Developments proposed for the 400 block of San Benito Street by the Community Foundation for San Benito County and the Del Curto Brothers will go before the Hollister Planning Commission on Thursday.
The projects are returning for official consideration after controversy arose over developing the site.
The Community Foundation for San Benito County is requesting a site and architectural approval for a new 10,858 square-foot, two story “Community Building” located at 430, 434, and 438 San Benito St. in the downtown mixed-use zoning district, according to the commission agenda for the 6 p.m. Thursday meeting at Hollister City Hall, 375 Fifth St.
Del Curto Brothers is requesting a site and architectural approval for a new 30,738 square-foot, three-story, mixed-use building located at 365 Fourth St. in the downtown mixed use zoning district. The building is proposed to have eight commercial/retail units on the first floor, and a total of 22 residential units (one-bedroom and studio apartments) on the second and third floors, according to the commission agenda.
Hollister council members in June agreed to repeal a prior resolution to put a referendum on the ballot asking whether voters want allow development on the 400 block of San Benito Street.
That 4-0 vote came after the state attorney general’s office issued an opinion stating that the matter did not belong on the November 2018 ballot.
Mayor Ignacio Velazquez recused himself at the time, but has been an outspoken opponent of developing the projects neighboring his Vault building at Fifth and San Benito streets.

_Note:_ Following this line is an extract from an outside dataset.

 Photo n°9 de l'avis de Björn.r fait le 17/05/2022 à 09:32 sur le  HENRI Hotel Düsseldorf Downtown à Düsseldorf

Council members in October 2017 approved placing the question on the ballot after a group of residents, in opposition to the proposal for a philanthropy center and mixed-use development, submitted a petition to stop the buildings from moving forward. The philanthropy center is meant to be the future home of the Community Foundation for San Benito County and other local nonprofits and will be funded by donation. The Del Curto Brothers development firm is handling the construction and was involved in pursuing the land purchase from the City of Hollister, which has owned the lot since the former redevelopment agency bought it following the 1989 Loma Prieta earthquake.